• _Problem statement_
In the records below, find the line with "Harlowe & Graham", then copy each line exactly until you have copied the line with "Weiße Flasche mit". Leave any picture out.

+++ Dataset +++

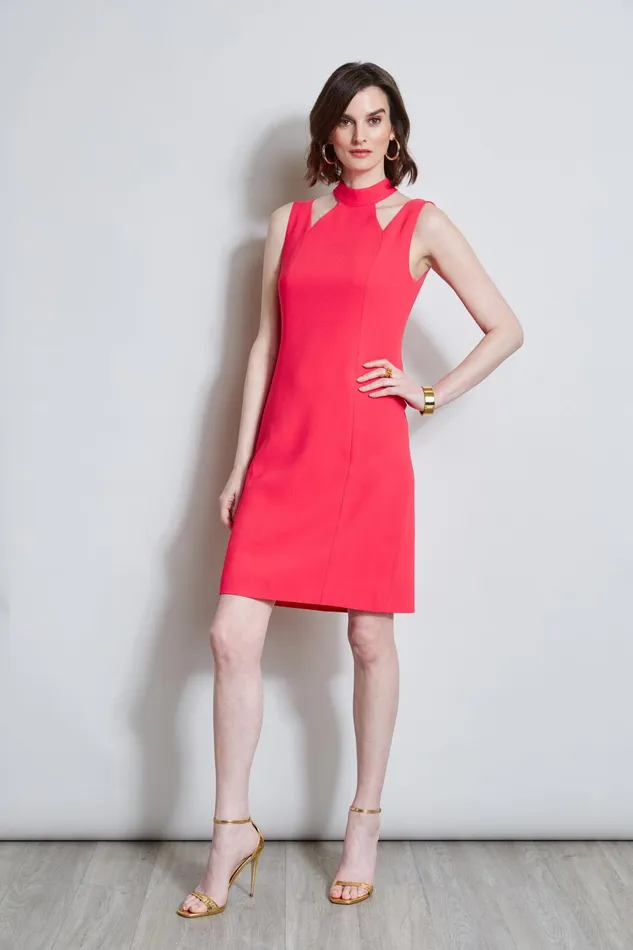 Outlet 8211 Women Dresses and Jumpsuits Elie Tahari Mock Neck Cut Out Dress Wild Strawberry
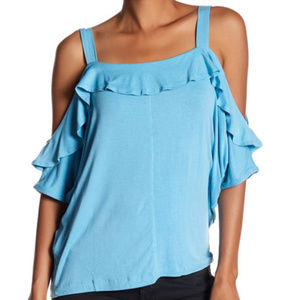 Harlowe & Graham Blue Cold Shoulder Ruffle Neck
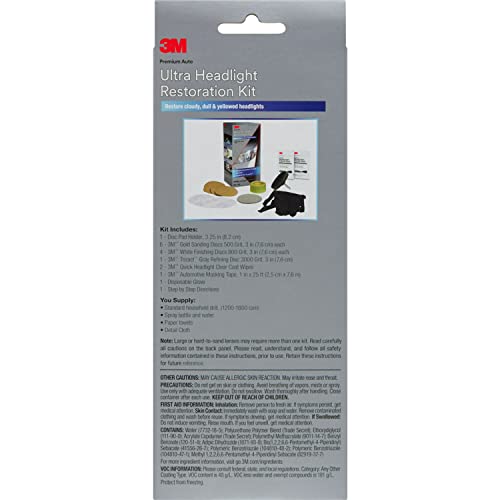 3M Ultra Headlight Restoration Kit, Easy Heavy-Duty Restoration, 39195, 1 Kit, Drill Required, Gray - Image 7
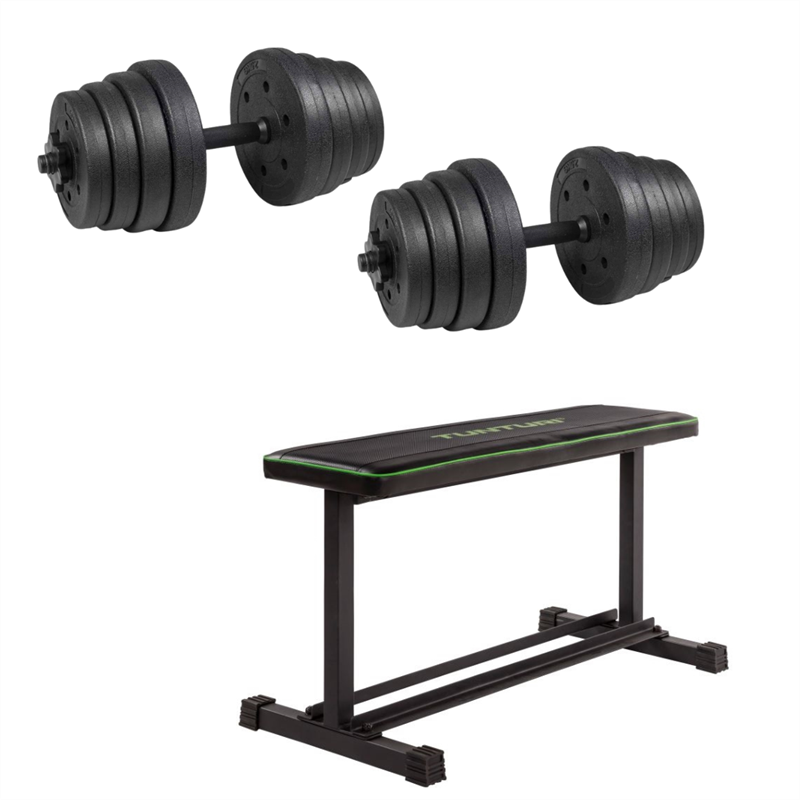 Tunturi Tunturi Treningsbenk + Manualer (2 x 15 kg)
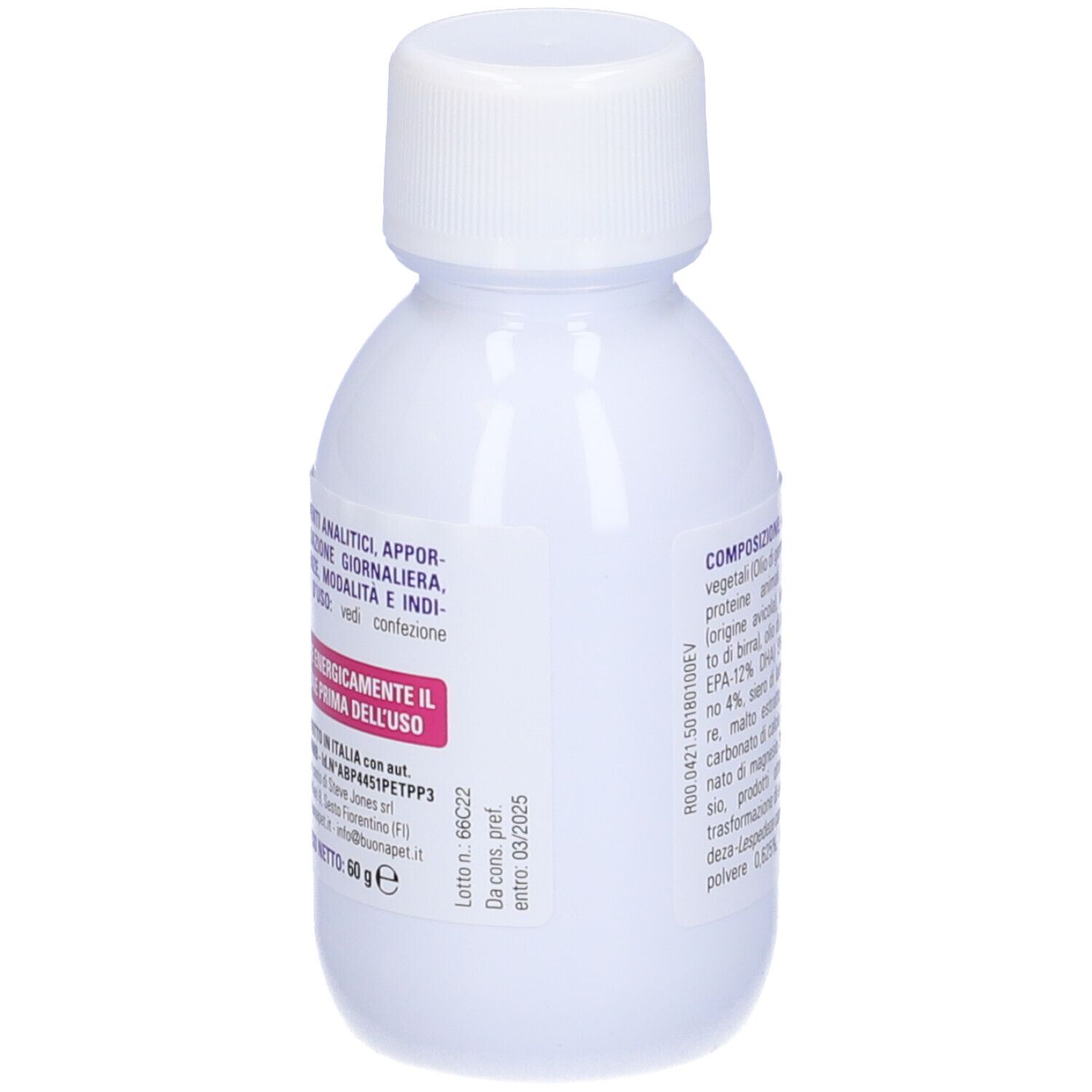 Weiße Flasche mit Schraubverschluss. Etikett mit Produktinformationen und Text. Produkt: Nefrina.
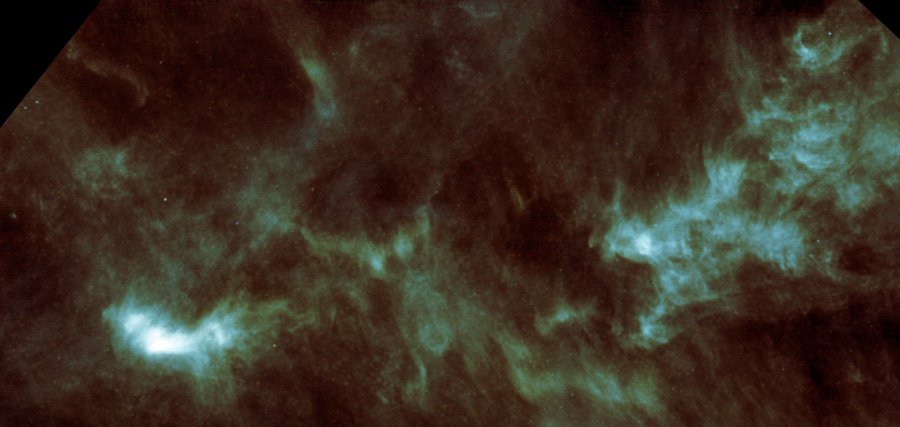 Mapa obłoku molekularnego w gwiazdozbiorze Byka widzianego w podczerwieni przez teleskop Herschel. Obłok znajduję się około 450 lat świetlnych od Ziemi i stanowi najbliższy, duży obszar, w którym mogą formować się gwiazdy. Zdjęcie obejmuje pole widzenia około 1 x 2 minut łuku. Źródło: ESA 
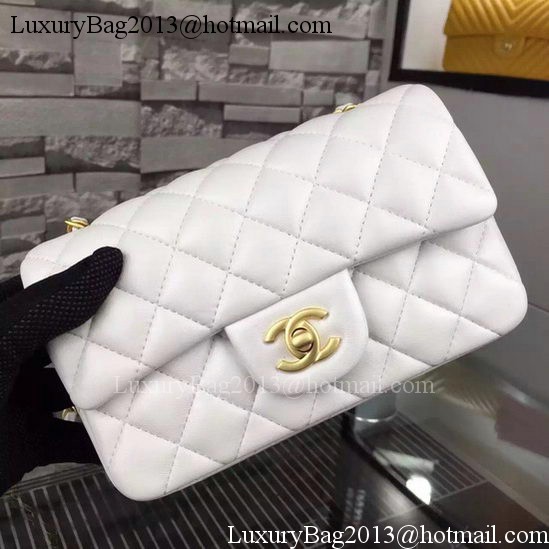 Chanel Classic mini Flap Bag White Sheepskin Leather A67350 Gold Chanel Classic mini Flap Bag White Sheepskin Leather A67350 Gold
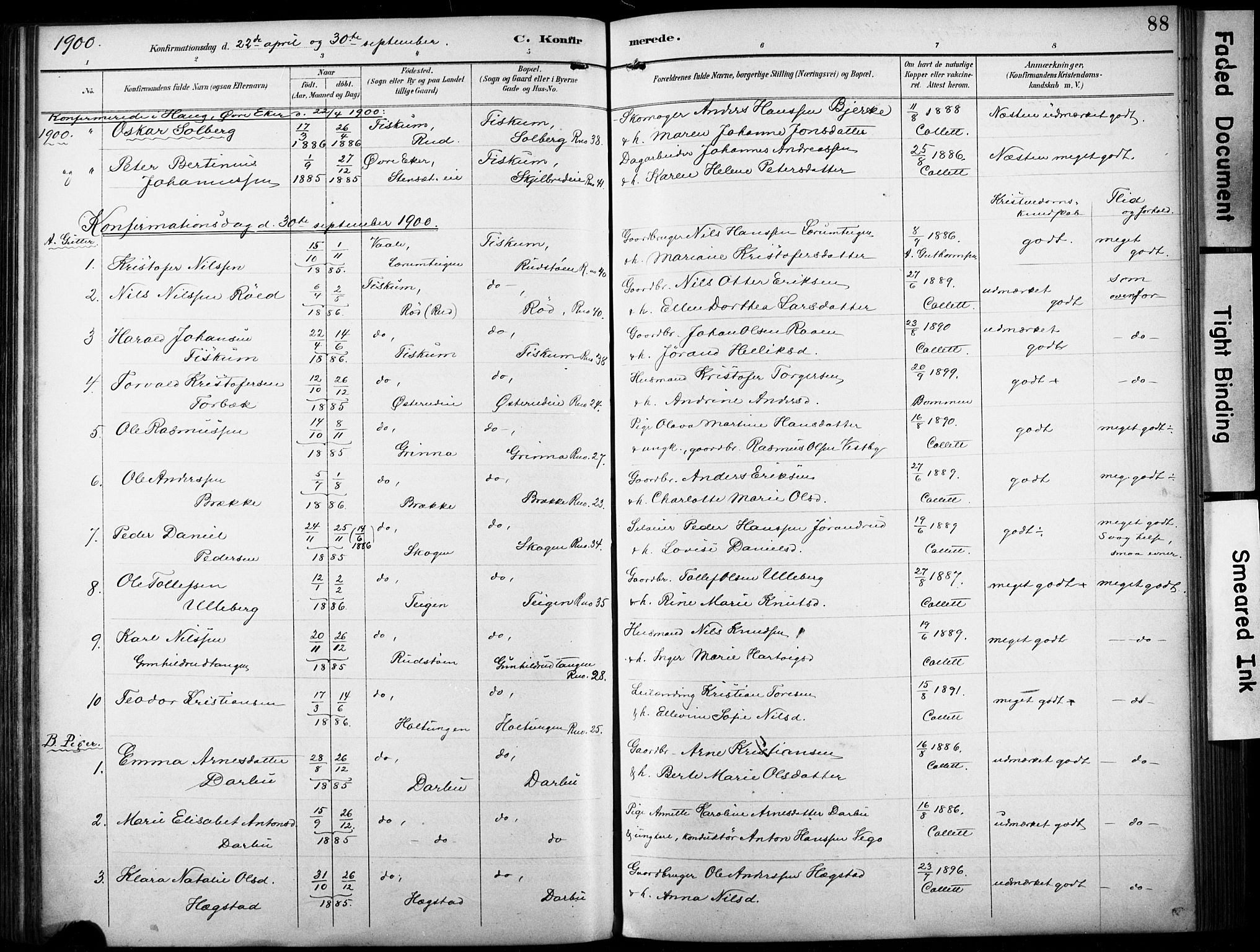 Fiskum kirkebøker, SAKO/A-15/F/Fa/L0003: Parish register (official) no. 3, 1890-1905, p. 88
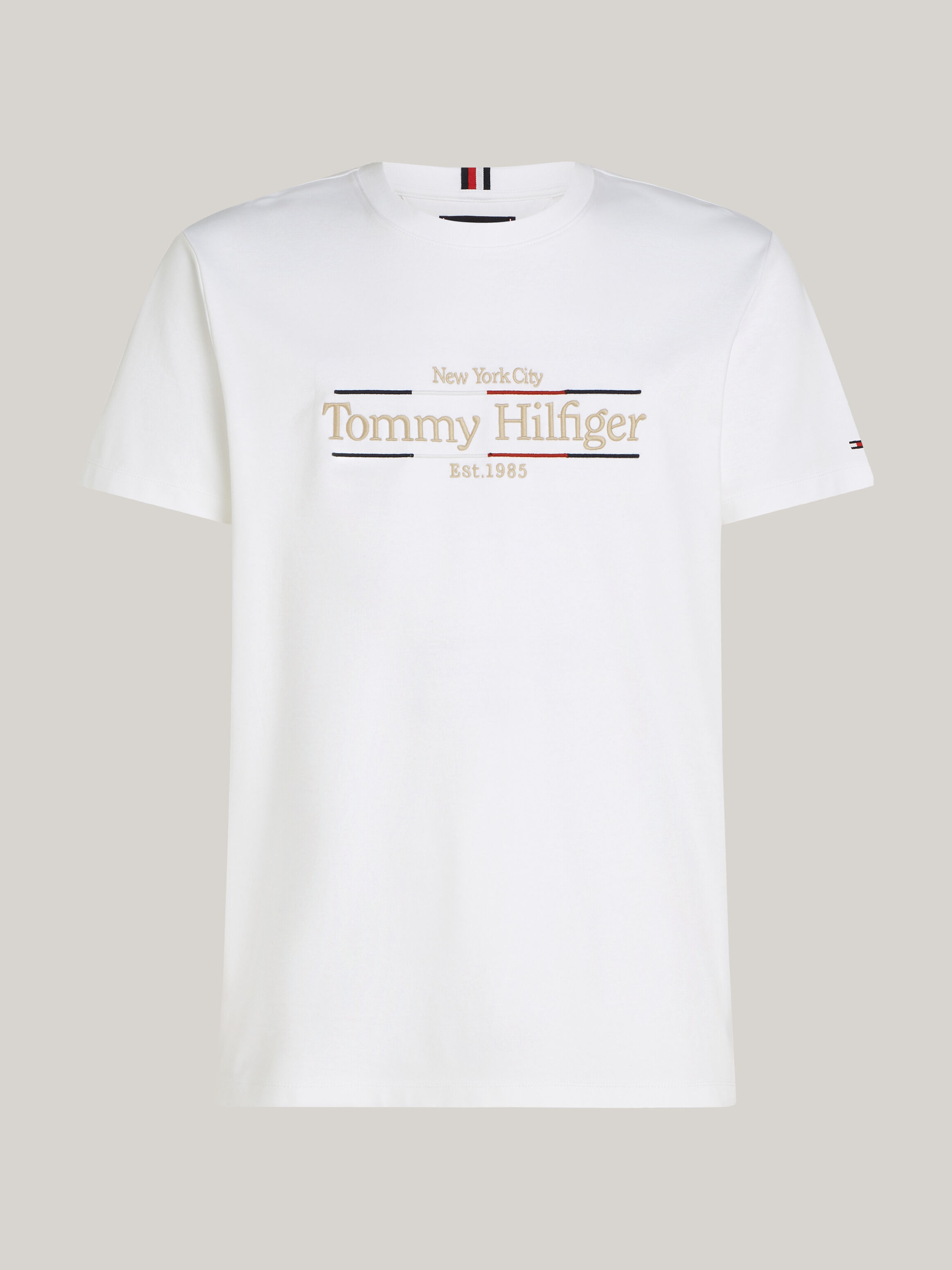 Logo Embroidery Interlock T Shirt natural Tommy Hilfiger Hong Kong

+++

• _Answer to the problem_
 Harlowe & Graham Blue Cold Shoulder Ruffle Neck
 3M Ultra Headlight Restoration Kit, Easy Heavy-Duty Restoration, 39195, 1 Kit, Drill Required, Gray - Image 7
 Tunturi Tunturi Treningsbenk + Manualer (2 x 15 kg)
 Weiße Flasche mit Schraubverschluss. Etikett mit Produktinformationen und Text. Produkt: Nefrina.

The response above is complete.